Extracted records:

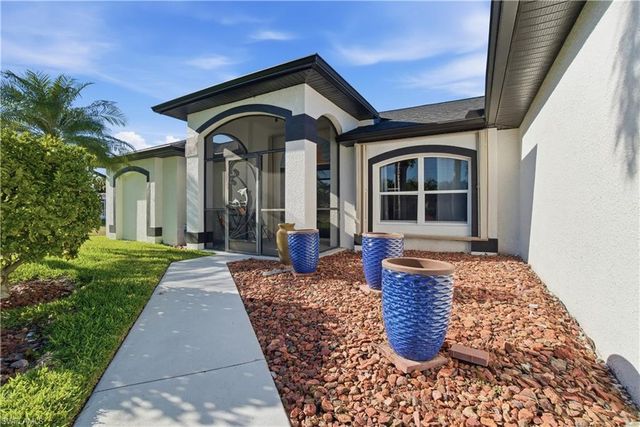 1623 SW 43rd LN, Cape Coral, FL 33914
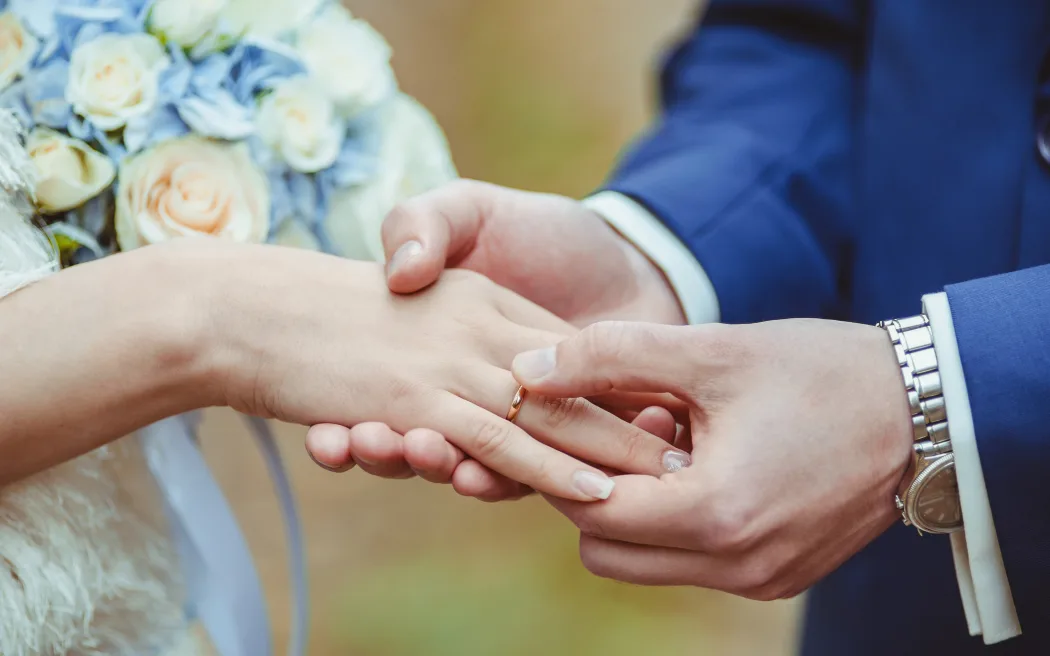 راهنمای جامع هزینههای عروسی در سال 1404 36 دست حلقه ازدواج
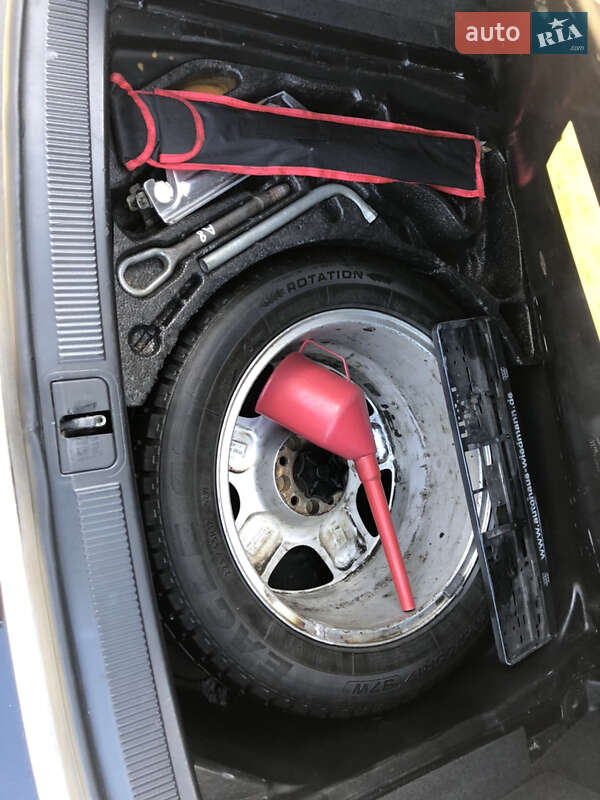 Седан Audi A8 2001 в Киеве фото 12 Седан Audi A8 2001 в Киеве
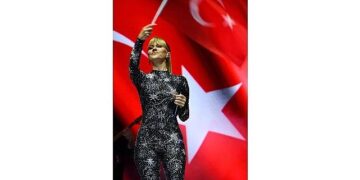 Derya Uluğ Lüleburgaz’da sahne aldı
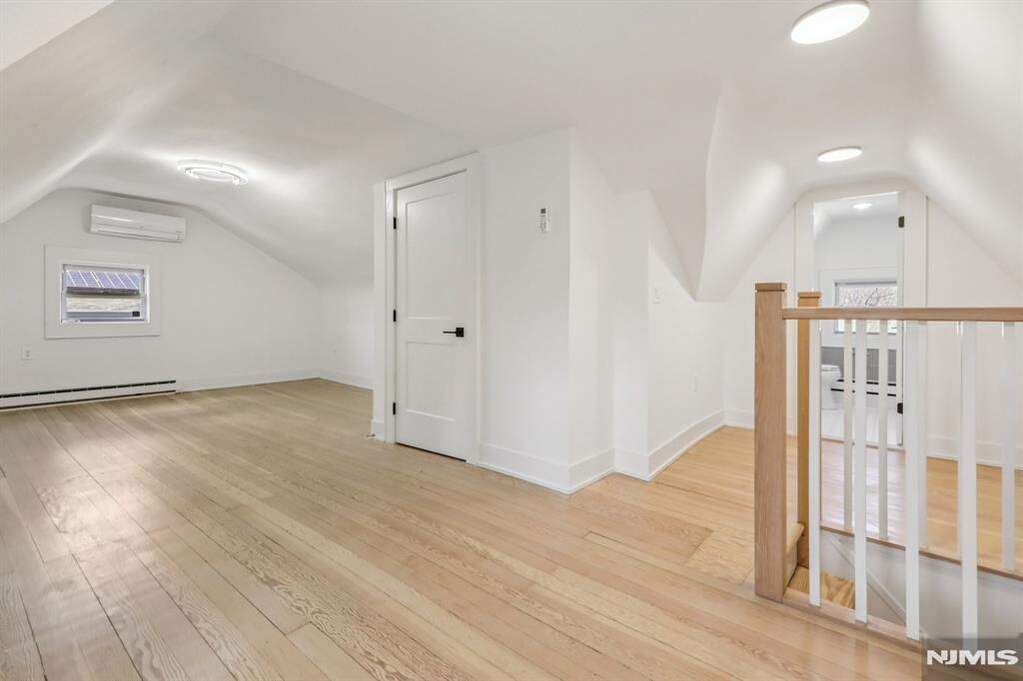 5 Bedroom Single Family Home/House's Image 28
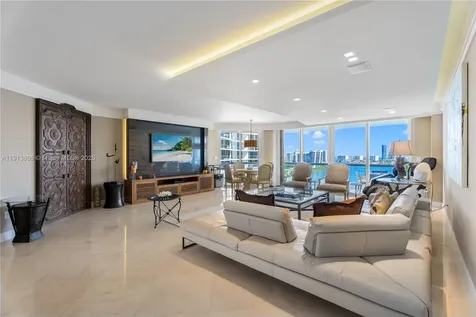 2600 Island Boulevard Aventura FL 33160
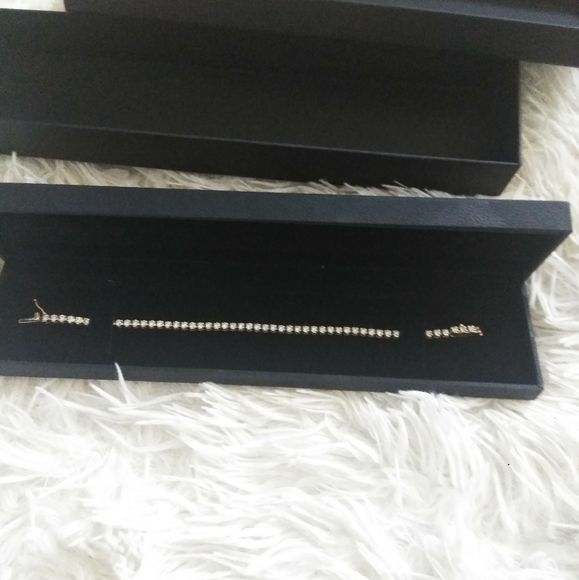 REAL TENNIS BRACELET - Picture 3 of 3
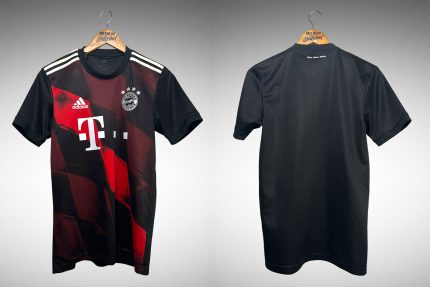 Bayern de Munique 2020 Terceira Camisa Tam P.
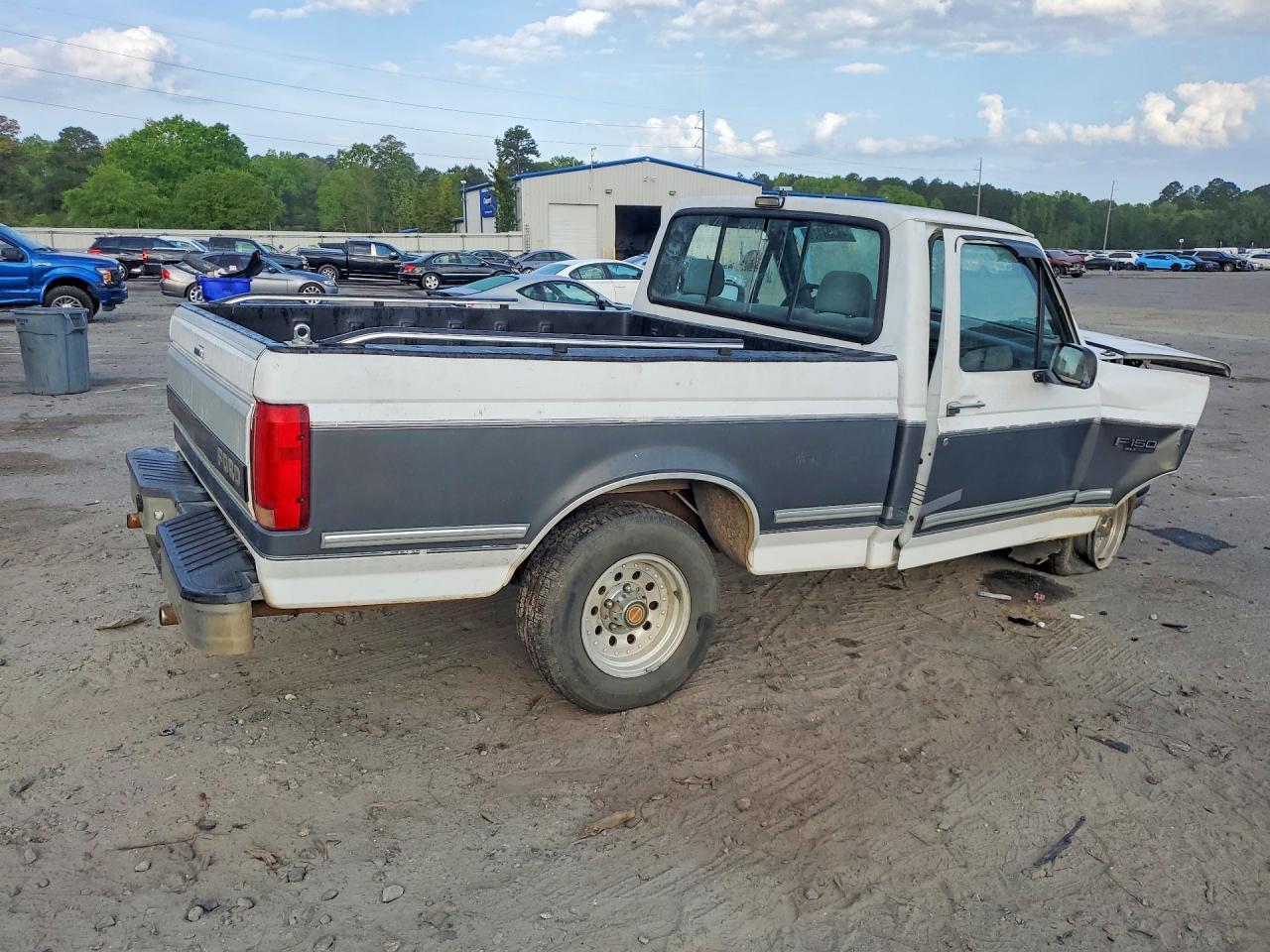 1993 Ford F150 - Фото 3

## TASK BRIEF
Write out, exactly and with nothing added, every line from the one that holds "Bayern de Munique" to the end of the entries above; pictures stay out.

## EXERCISE ANSWER
 Bayern de Munique 2020 Terceira Camisa Tam P.
 1993 Ford F150 - Фото 3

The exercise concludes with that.